Teacher recommendations are an important part of your college application at many colleges, with most colleges requiring one or two letters in support of your application. These recommendations provide additional insight into your personality, intellectual curiosity, and potential impact on your college community.
From my time on the admissions side of the desk, I know that many teacher recommendations add little to the student’s application. Admissions staff try never to penalize a student for something he can’t control, so the boilerplate recommendation generally fails to add to your application rather than detracting.

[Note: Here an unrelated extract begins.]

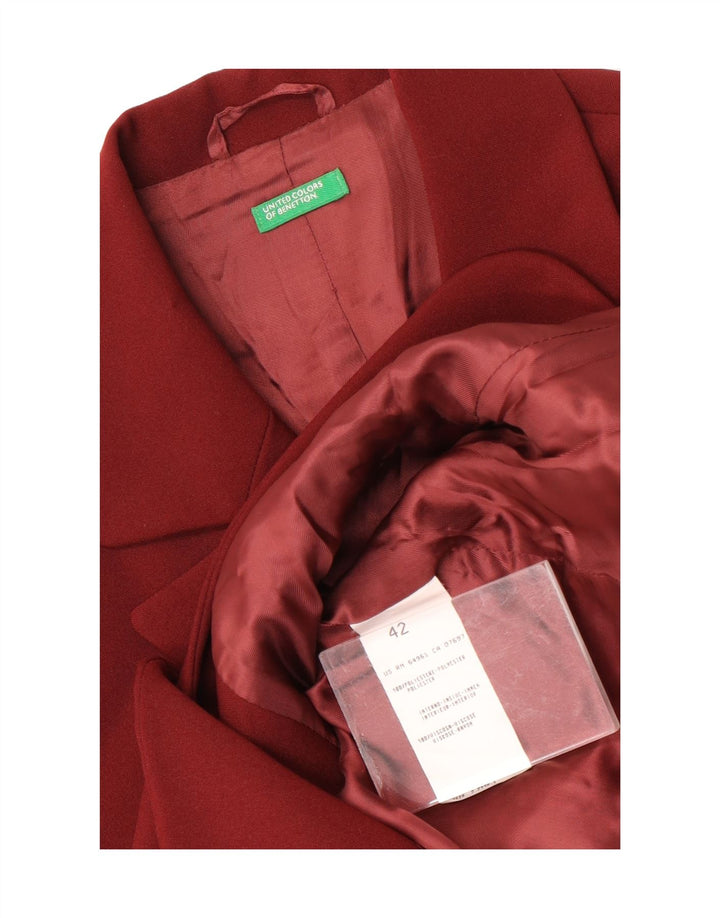Jaqueta Blazer Feminina Benetton com 3 Botões IT 42 Médio Borgonha Poliéster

A few things to consider as you solidify your teacher recommendations:
1. In most instances, your recommendation(s) can be written by any teacher who has taught you in a solid, academic course in 10th, 11th or 12th grade. A solid, academic course comes from the disciplines of math, science, English, social studies or foreign language. Religion is not a solid academic course in most instances. 11th grade teachers, and teachers who have taught you in multiple years are often the best candidates for a teacher recommendation.
2. Some colleges do have specific requirements regarding recommendations from specific teachers, for example math or science for Engineering applicants, or art for art applicants. Check each college’s requirements carefully. In general, it’s preferable to ask teachers from two different disciplines to write your recommendations.
3. Give your teachers as much time as possible to complete your recommendations. Some teachers devote a great deal of time to each letter and popular junior year teachers may write several dozen recommendations each fall.
4. When discussing recommendations with your teacher, either in person or via email, share with your teacher your reasons for asking him or her. Why did you enjoy the class? Remind your teacher about some of your most memorable work in the class. Do you still have copies of papers or exams that you can provide? The best teacher recommendations aren’t always from the class in which you earned the highest grade.
5. The purpose of the teacher recommendation is to clarify your academic contributions and learning style. A good teacher recommendation will focus on these ideas (perhaps including how you overcame any challenges).
6. Academics are the most important but if the teacher has also worked with you in a club or extracurricular capacity, this can add additional insight.
7. Caution: the best teacher recommendations do not reiterate information found in other parts of your application. As an admissions person, this was the most frustrating part for me. I really wanted new insight and anecdotes to help me understand the applicant, not a list of clubs and organizations. It’s tempting for a lot of teachers to summarize your activities in their letter, but you’ve already included that information in your application.
8. Teachers upload recommendations directly into the common application. You will provide your teachers’ email addresses in your application and proceed to invite them to add their letters. You can select different recommenders for different schools. They can then create a common application account and upload their letters. The process can be slightly different if your high school uses Naviance to handle common applications.
9. The Common Application will also ask you if you would like to waive your right* to see the recommendations, and by all means, the answer is yes! If you don’t believe the teacher you are asking will write a candid, positive letter of recommendation, then choose a different teacher! Colleges will place less weight on a letter of recommendation if the applicant hasn’t waived the right to access the letter.
*Waiving your right to see your letters of recommendation only applies to reading the letters AFTER you are accepted to a school and IF that school actually keeps the letters on file.
10. Finally, thank your teachers, both in advance for their time and after your letter has been submitted.